GFNOrg / gflownet

Generative Flow Networks
MIT License
608 stars 77 forks source link

About Reproducibility Issues #8

Closed dongqian0206 closed 2 years ago

dongqian0206 commented 2 years ago

Hi there,

Thank you very much for sharing the source codes.

For reproducibility, I modified the codes as follows,

https://github.com/GFNOrg/gflownet/blob/831a6989d1abd5c05123ec84654fb08629d9bc38/mols/gflownet.py#L84

---> self.train_rng = np.random.RandomState(142857)

as well as to add

torch.manual_seed(142857)
torch.cuda.manual_seed(142857)
torch.cuda.manual_seed_all(142857)

However, I encountered an issue. I ran it more than 3 times with the same random seed, but the results are totally different (although they are close). I didn't modify other parts, except for addressing package compatibility issues.

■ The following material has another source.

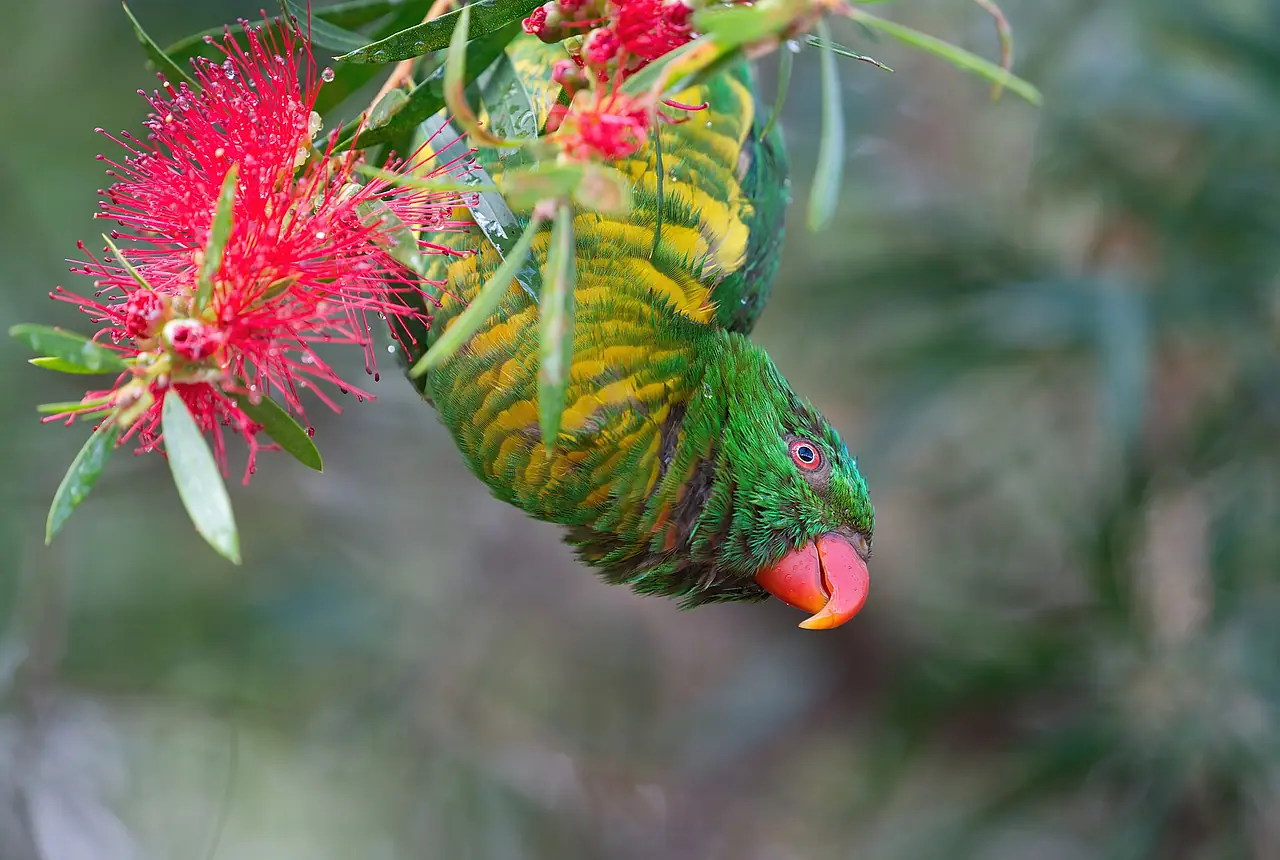 Scaly-breasted Lorikeets care guide photo for lory and lorikeet housing, diet, and handling planning.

0 [1152.62, 112.939, 23.232] 100 [460.257, 44.253, 17.728] 200 [68.114, 6.007, 8.045]

0 [1151.024, 112.603, 24.993] 100 [471.219, 45.525, 15.964] 200 [66.349, 6.174, 4.607]

0 [1263.066, 124.094, 22.128] 100 [467.747, 44.899, 18.76] 200 [61.992, 5.715, 4.841]

I am wondering whether you encountered such an issue before.

Best,

Dong

bengioe commented 2 years ago

Hi Dong,

even with seeding, CUDA operations are not guaranteed to be deterministic, therefore results will change from run to run. This is especially problematic in online-RL-type setups since tiny changes in parameters can result in changes in (self-generated) data distribution which compounds very quickly and pushes models in different directions.

There are ways to get deterministic results but these usually involve using much slower operations which are undesirable in research.

dongqian0206 commented 2 years ago

OK. Thank you for your prompt reply.